I actually laughed out loud, with Gavyn's beautiful voice. Fortunately for me, I could also sense his amusement. "Okay, that was good. What's the hard answer?" Did I really want to know? She was trying to keep things light on her end, which meant that she already knew something I didn't.
On the other end, I heard her suck in a deep, shaky breath before slowly letting it out. "When they found your mom and gran, they went looking for you. Marcia even came to my house searching for you," she explained slowly, her voice ringing out crystal clear over the tiny phone speaker. One thing she said was sticking out to me, though, and it shot chills of sheer terror up and down my spine.
"But no one was able to find you.

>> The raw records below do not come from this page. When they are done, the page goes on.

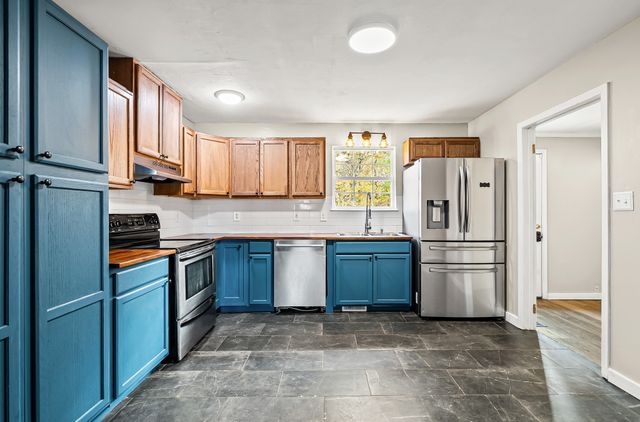 976 Van Buren Ave, Oak Grove, KY 42262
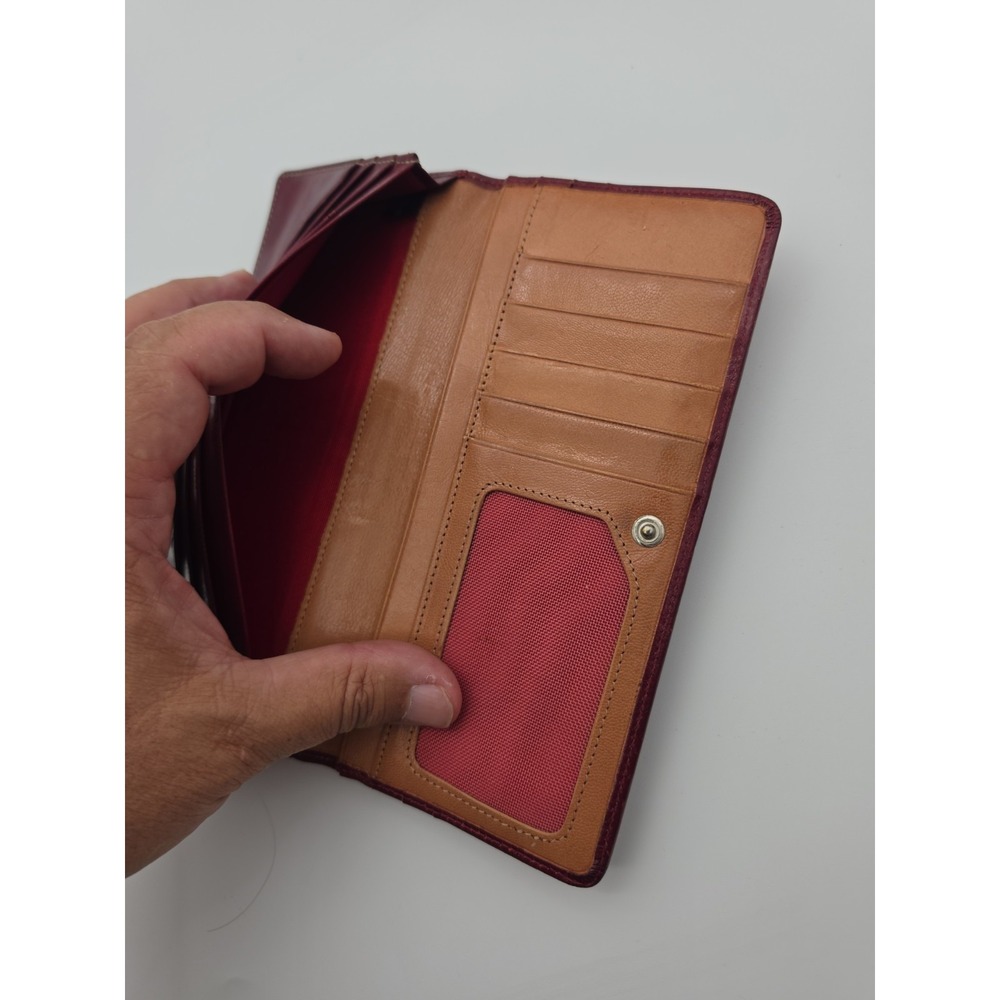 Tusk Leather Women's Wallet - Picture 9 of 10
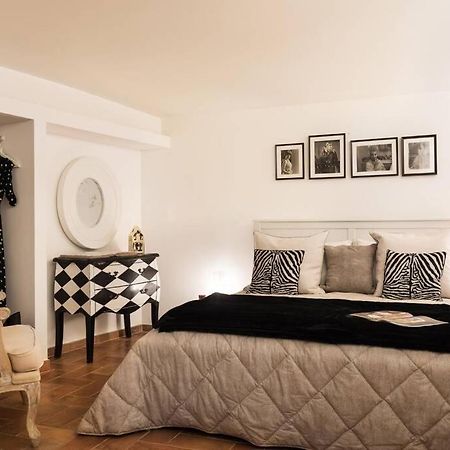 Lovely Colosseum Loft Apartment Rome Bagian luar foto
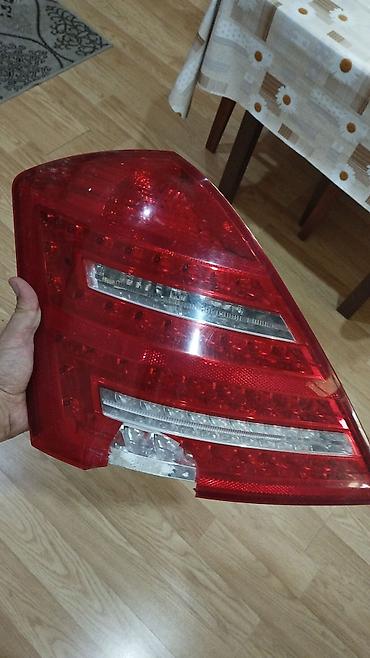 w124 arka stop: Mercedes-Benz arxa sol stop fənəri - Korpus: qırmızı linza, şəffaf — 1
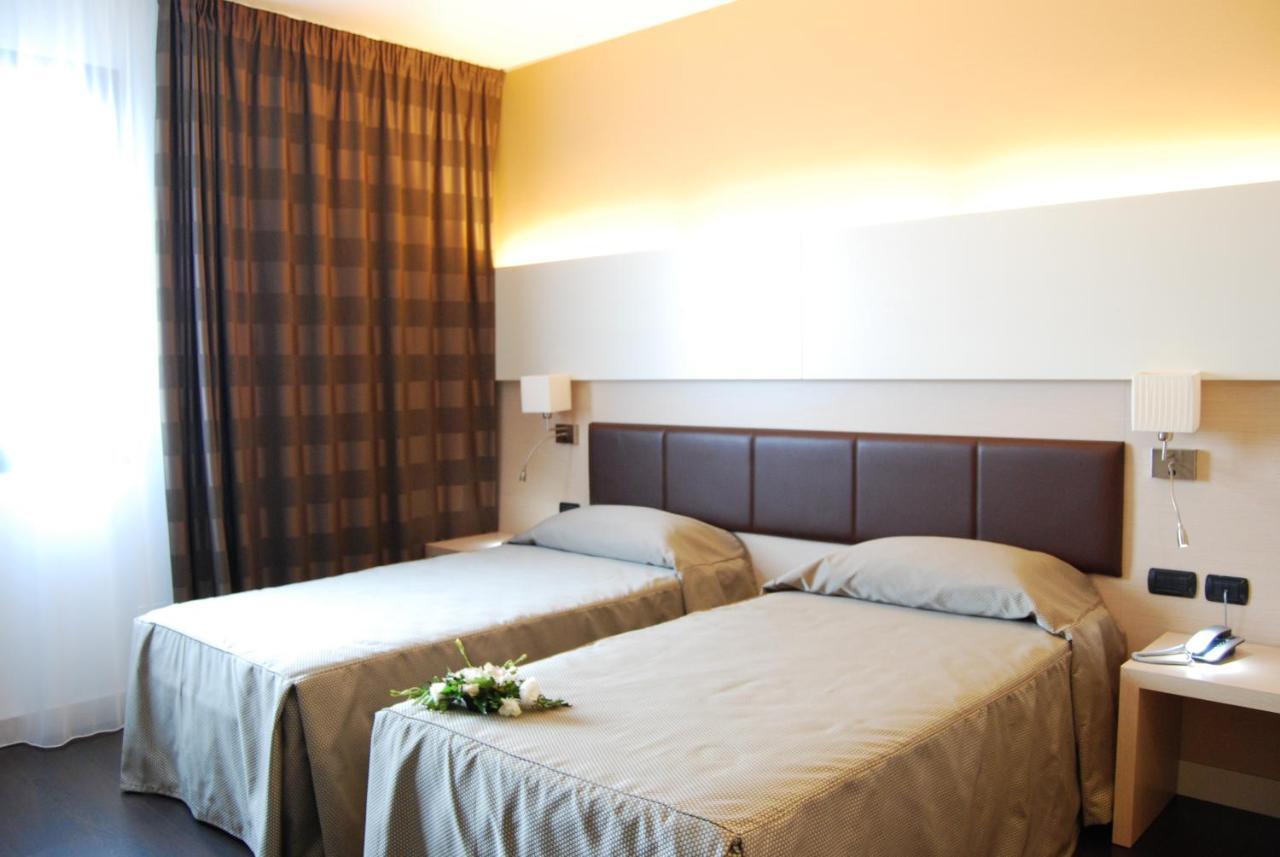 Hotel Ristorante Giada Grumolo delle Abbadesse Dış mekan fotoğraf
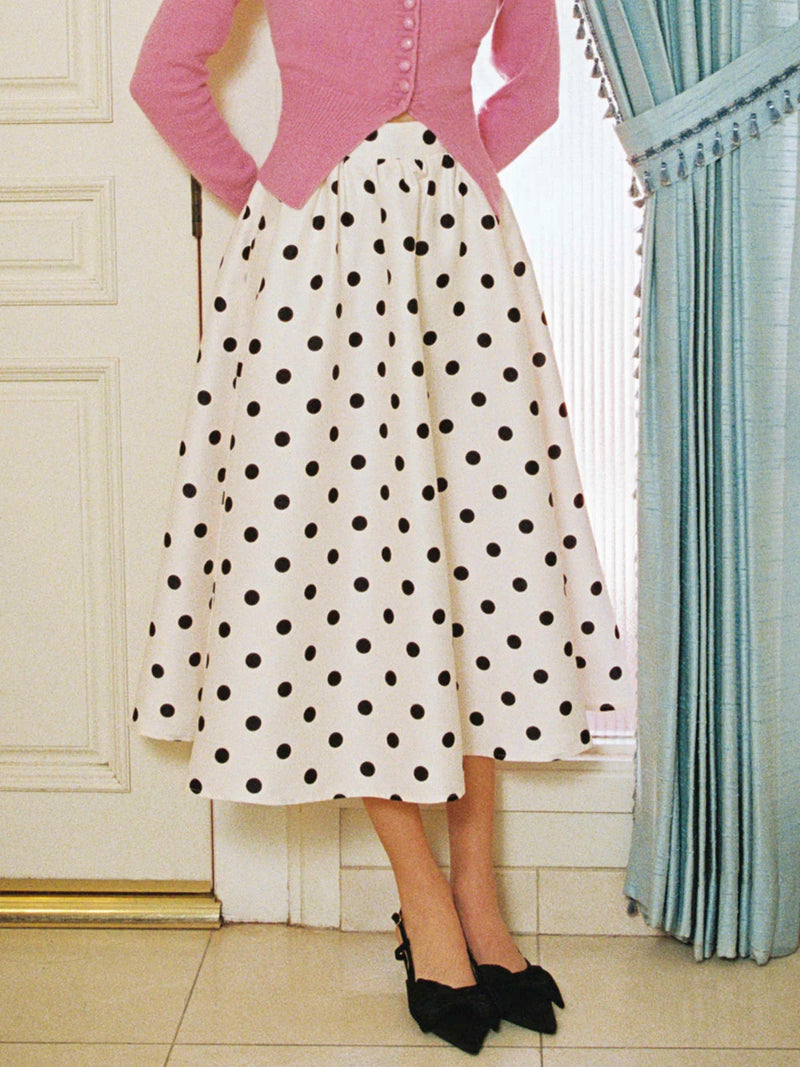 Mittelhoher Maxirock mit gepunkteten Taschen und Rüschen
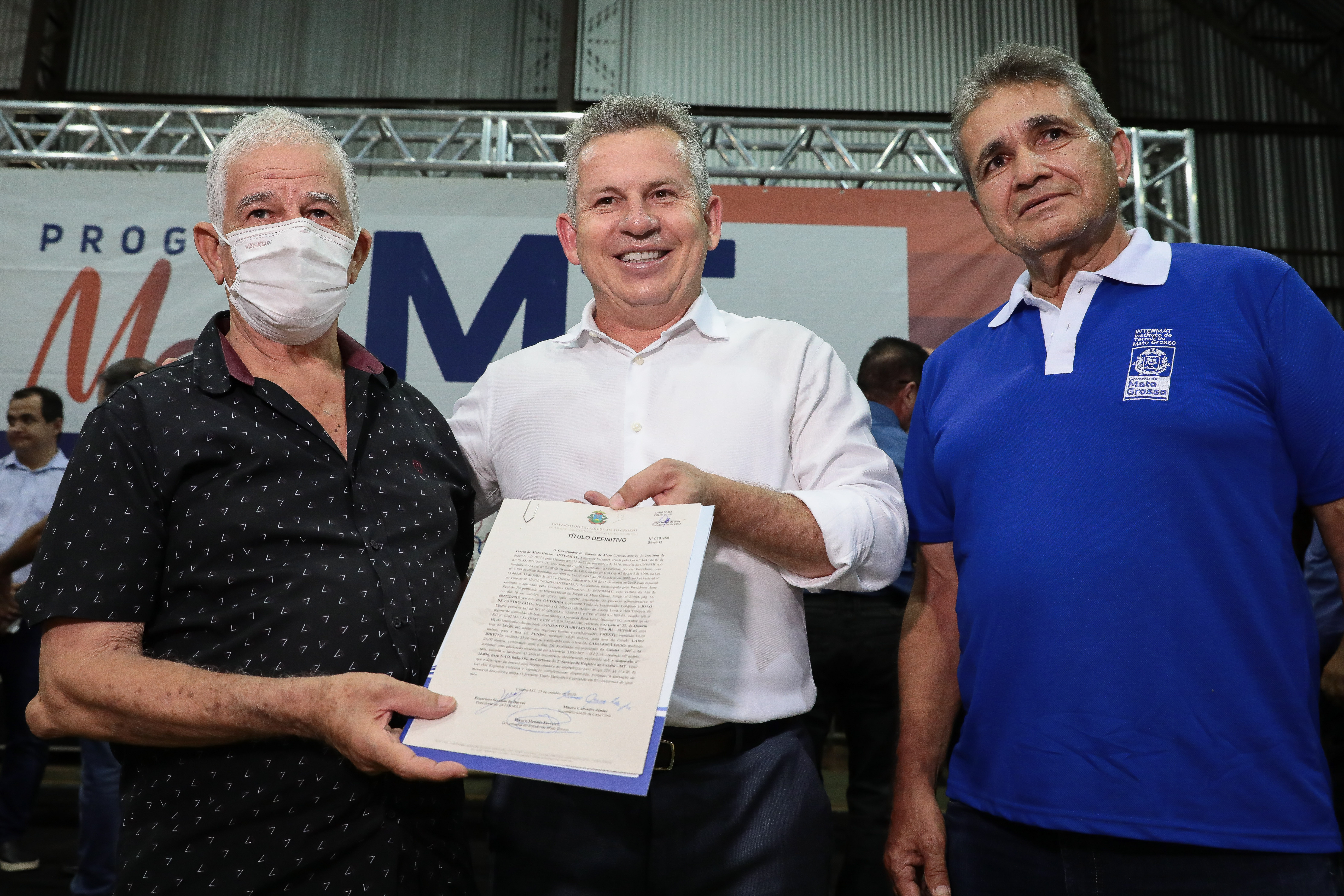 Documento definitivo: governador entrega de 969 títulos de regularização fundiária 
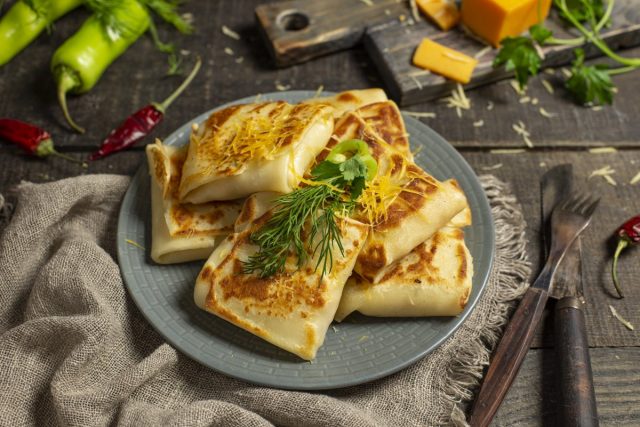Тонкие блинчики с курицей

I got desperate, so I called a few friends from the veil to check on you and they told me you tried to get through, but some sort of black shadow pushed you out as you were halfway in."
Wait.
What?
I'd been getting through? I was powerful enough to do the ritual on my own? And something stopped me?
Now that was some total bullshit right there.
Inside, I could feel Gavyn's agreement with my sentiment. That was nice, at least. Maybe they weren't all as anti-witch as they made themselves out to be.
"Whit, this is important," I said, trying my damnedest to focus on the primary issue at hand. Well, my primary issue. "They found mom and gran?" Hope soared high inside me, making me feel lighter than I had in what felt like an eternity. They were okay. They were really okay.
Whitney cleared her voice and I heard her moving around. Why did it sound like she was moving to sit down? Whitney preferred standing when she was on the phone. "Kissy, they're not doing so great. But don't worry about that right now, I just need you to come home, okay?"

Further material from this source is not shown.